You were outside the United States less than a week, including business and non-business activities.
You spent less than 25% of the time in non-business activities.
Vacation was not a major consideration on the trip.
If you qualify for one of these exceptions, you do not have to allocate your travel expenses between business and personal purposes. You can deduct the total cost of getting to and from your destination. But if you do not qualify for an exception and your trip includes both business and personal elements, you will need to allocate your travel expenses.
Business Days and Personal Days
If your trip is primarily for business, but also includes personal elements, you must allocate your travel time on a day-to-day basis, between business days and personal days. You can deduct the business portion of the trip to and from your business destination, based on the percentage of business days outside the U.S. in relation to the total number of days of travel outside the U.S.. The days you depart from and return to the United States are counted as travel days outside the U.S..
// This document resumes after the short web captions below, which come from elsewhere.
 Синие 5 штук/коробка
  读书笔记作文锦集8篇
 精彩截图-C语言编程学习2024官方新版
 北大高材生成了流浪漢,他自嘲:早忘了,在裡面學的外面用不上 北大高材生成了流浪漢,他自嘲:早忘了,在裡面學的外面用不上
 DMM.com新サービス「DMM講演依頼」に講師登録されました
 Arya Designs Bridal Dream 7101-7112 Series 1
In calculating this percentage, business days include:
Transportation days – days you spend traveling to and from a business destination. Extra days for personal side-trips or non-business activities do not count as business days.
Days when your presence is required at a particular place for a specific business purpose.
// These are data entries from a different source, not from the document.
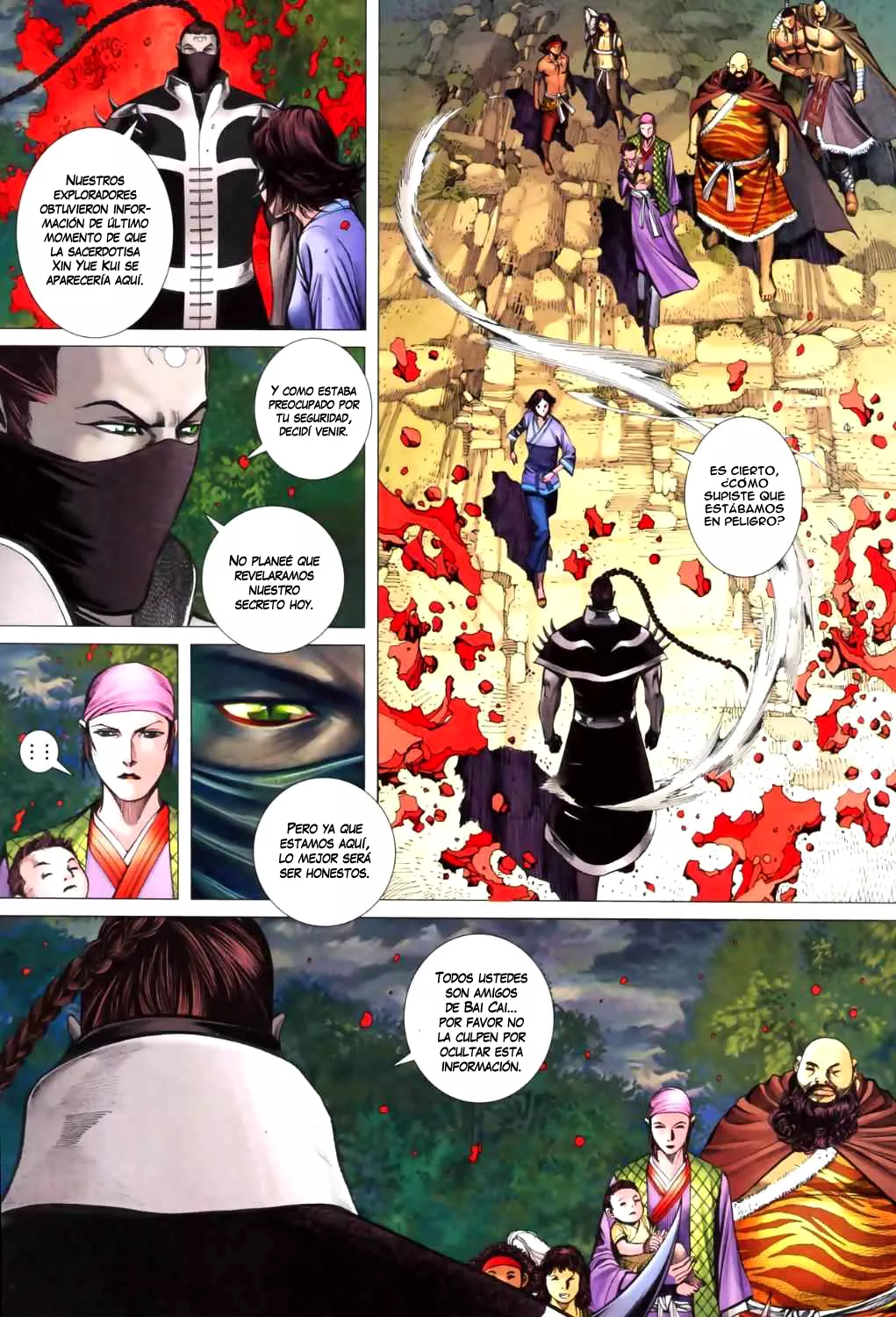 Feng Shen Ji II capítulo 8, página 16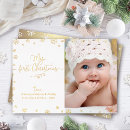 Search for my first christmas cards New baby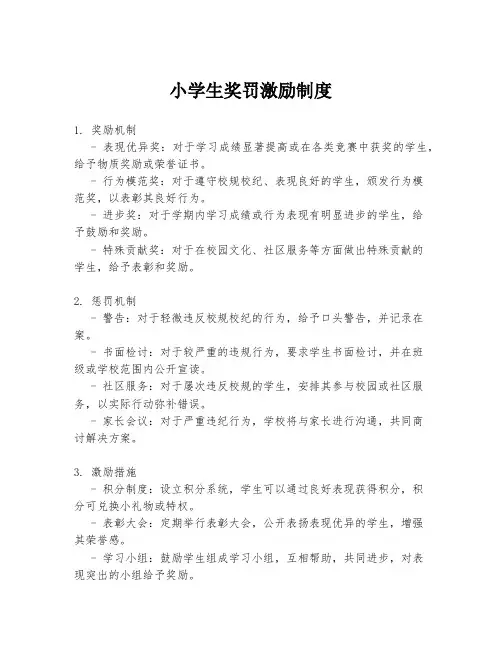 小学生奖罚激励制度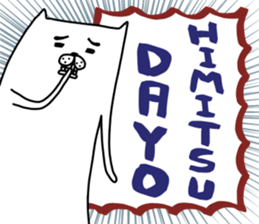 darasinai-nu mark 2 sticker #15650493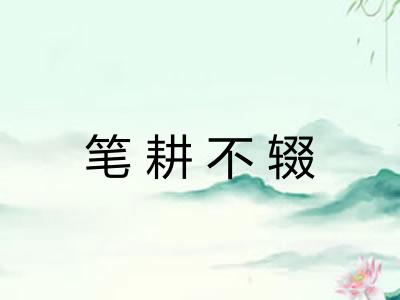 笔耕不辍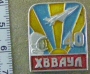 40 Харьковское высшее военное авиационное училище летчиков (ХВВАУЛ)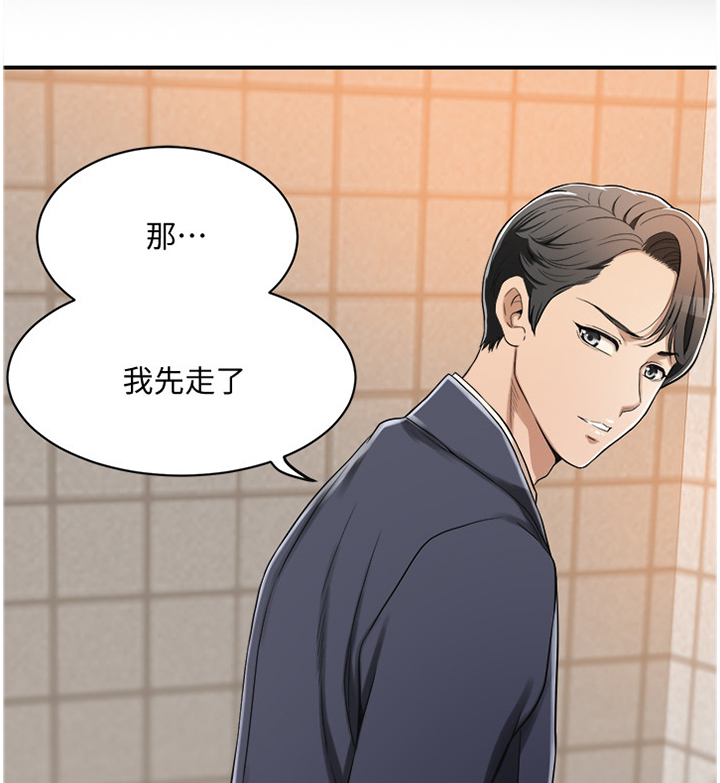 忍耐到极限漫画,第14章：挥之不去1图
Days spent on business, when your principal activity during working hours is your trade or business.
Certain weekends and holidays, if they fall between business days. In this case, a weekend or holiday is considered a business day even if you use it for personal activities.
Vacation Included In Trip
You also have to allocate your travel expenses if you take a vacation or have other non-business activities on your way from the U.S. to your business destination, or on the way back to the U.S. In this case, the part you have to allocate is what a trip would have cost from your departure point in the U.S. to your non-business destination, and your return to the point in the U.S. where your trip outside the U.S. ends. You prorate this amount according to the percentage of personal days outside the U.S. in relation to the total days outside the U.S. The result is the amount allocated to personal travel and therefore not deductible.
If you take a side trip for a vacation or other personal activity at, near, or beyond your business destination, you would have to allocate your travel expenses in a slightly different manner. In this case, you would use the same percentage as above (personal days outside the U.S. divided by total business days outside the U.S.), but you would apply this percentage to the cost of the trip from your departure point in the U.S. to your business destination and back to the U.S. The resulting amount would be a non-deductible personal expense.
If your trip outside the U.S. is primarily for personal purposes, none of the travel cost is deductible. If you do any business while on the trip, you may be able to deduct the related business expenses you incur, but not any part of the cost of the trip itself.